La Constitution de 1805, l’acte fondateur de la modernité possible
Nous avons tout tenté, tout discuté, tout réécrit. Nous avons multiplié réformes, commissions, projets, ajustements, bricolages institutionnels et simulacres de refondation. Pourtant, une évidence persiste, silencieuse et obstinée : Dessalines nous a déjà laissé un acte fondateur d’une puissance exceptionnelle. La Constitution de 1805, avec sa radicalité historique, sa charge symbolique et politique, reste la base souveraine de notre architecture nationale.

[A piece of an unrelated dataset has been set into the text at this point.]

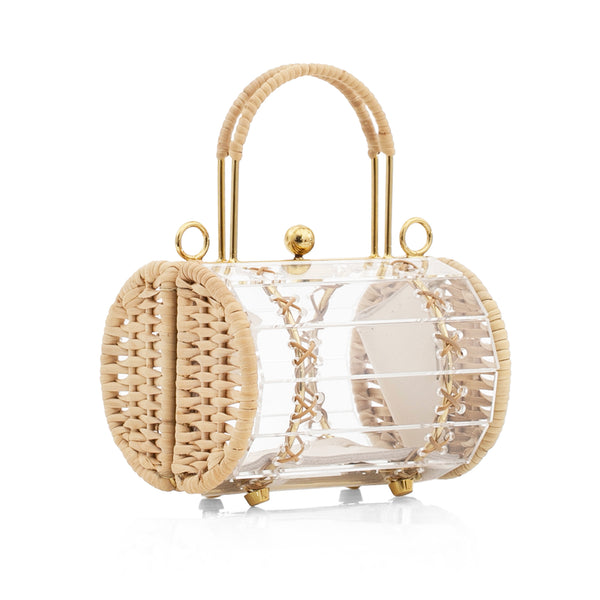Bolsa estruturada em acrílico transparente, laterais em couro bege, acabamentos em metal dourado e alça curta de palha natural.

Il ne s’agit pas de la reproduire telle quelle, ni d’en faire une relique figée dans le marbre du passé, mais de la relire comme point d’ancrage, comme socle éthique et politique à partir duquel une constitution moderne, inclusive et résolument tournée vers l’avenir peut être élaborée. Là où tant de textes ultérieurs ont hésité, compromis ou dilué le projet national, 1805 affirme une vision, une verticalité, une mémoire de la liberté conquise dans le sang et la dignité.
Revenir à 1805, ce n’est pas reculer ; c’est refonder. C’est reconnaître que le pays ne peut se reconstruire sans puiser dans cette source première où le politique n’était pas gestion, mais destin. C’est accepter que la modernité haïtienne ne naîtra pas de l’imitation servile des modèles exogènes, mais de la réactivation lucide de notre généalogie institutionnelle.
Ainsi, au-delà des échecs et des errances contemporaines, une voie demeure ouverte : produire une constitution moderne, ancrée dans l’esprit de 1805, assagie par l’histoire, éclairée par le temps, mais fidèle à cette promesse initiale où Haïti se pensait déjà comme une nation souveraine, radicalement libre et consciente d’elle-même.
Références :
Arendt, H. (1958). The Human Condition. Chicago: University of Chicago Press.
Hector, M. (2009). Histoire de la Constitution haïtienne : genèse et portée de la Constitution de 1805. Port-au-Prince : Éditions C3.
Ricoeur, P. (1990). Soi-même comme un autre. Paris : Seuil.
Taleb, N. N. (2018). Skin in the Game: Hidden Asymmetries in Daily Life. New York: Random House.
Trouillot, M.-R. (1995). Silencing the Past: Power and the Production of History. Boston: Beacon Press.